I bought a P938 Nightmare back in September and just got the chance to take it out and have some fun today. The first two mags went flawlessly and my love for this gun swelled. Then a couple of times it failed to fire...then a piece fell out. It is the little plate that rests between the firing pin and the hammer....not sure what this part is called. So now I need to wait to call SIG tomorrow and see what they will do for me. Any advice from you guys that would help me out? Thanks.


----------



## snotzzz (Mar 28, 2011)

Ok, found my owner's manual and the part that came out is the firing pin stop.

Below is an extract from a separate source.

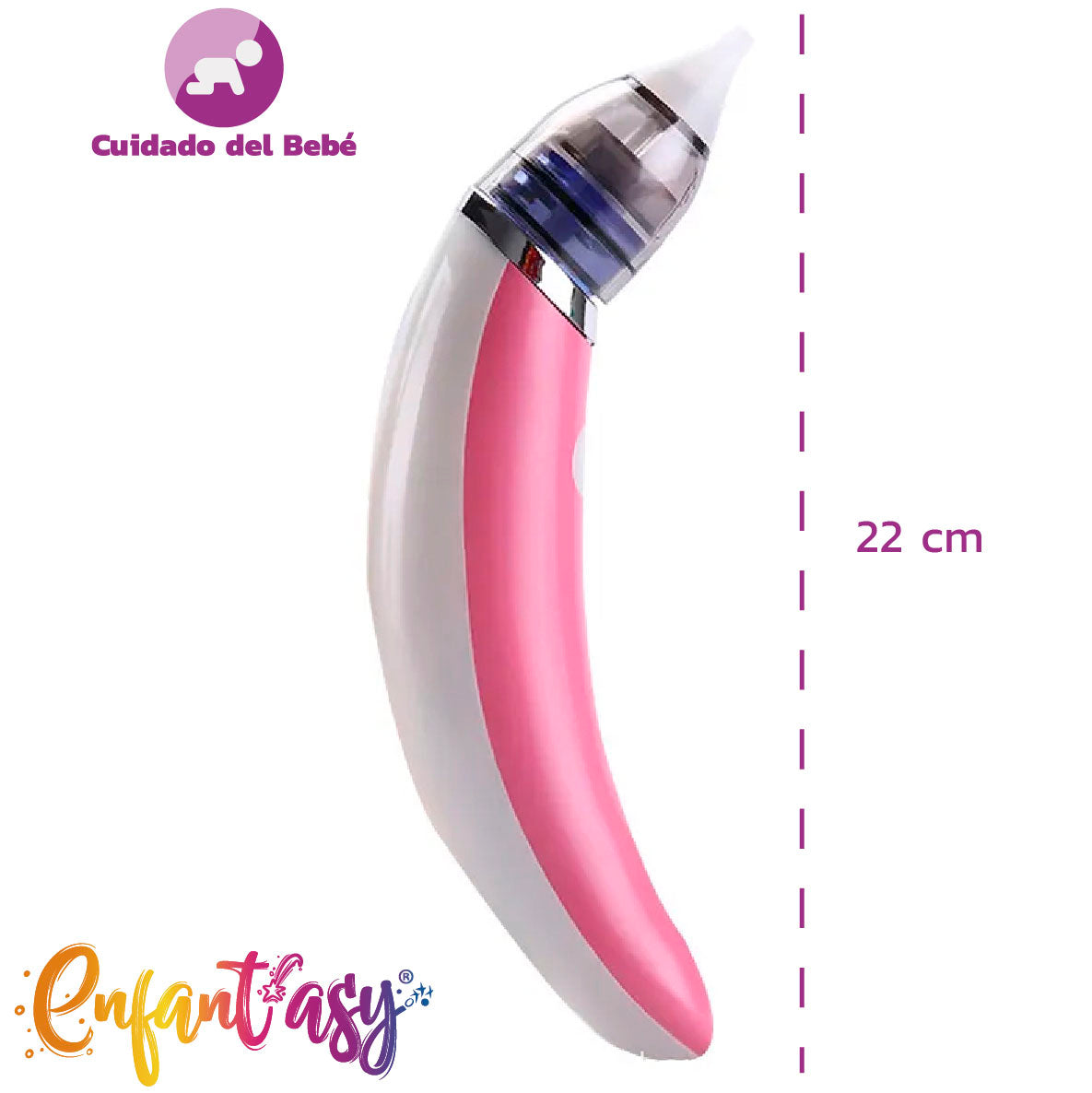 Aspirador nasal eléctrico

Not exactly sure how or why it fell out, but it did and I didn't want to try and fire the gun with parts falling out!!!


----------



## VAMarine (Dec 25, 2008)

I think I've heard of this happening with some other 938s, call Sig they should either send you a new part or a RMA for your gun.


----------



## snotzzz (Mar 28, 2011)

Thanks VAMarine, I'll give them a call in the morning in hopes that they are open on New Year's Eve. I just can't figure out why this part fell out. Did it break? A spring malfunction? But, I will have to trust SIG to figure it out and fix it!!! Thanks again.


----------



## VAMarine (Dec 25, 2008)

snotzzz said:


> Thanks VAMarine, I'll give them a call in the morning in hopes that they are open on New Year's Eve. I just can't figure out why this part fell out. Did it break? A spring malfunction? But, I will have to trust SIG to figure it out and fix it!!! Thanks again.


Gotta be broken or very out of spec for it to come out while in use, it slides into a channel from the bottom of the slide...could be that maybe it was of poor tolerence AND the firing pin or firing pin spring got stuck allowing the stop to fall out while the slide was traveling during recoil.

I bet on broken.


----------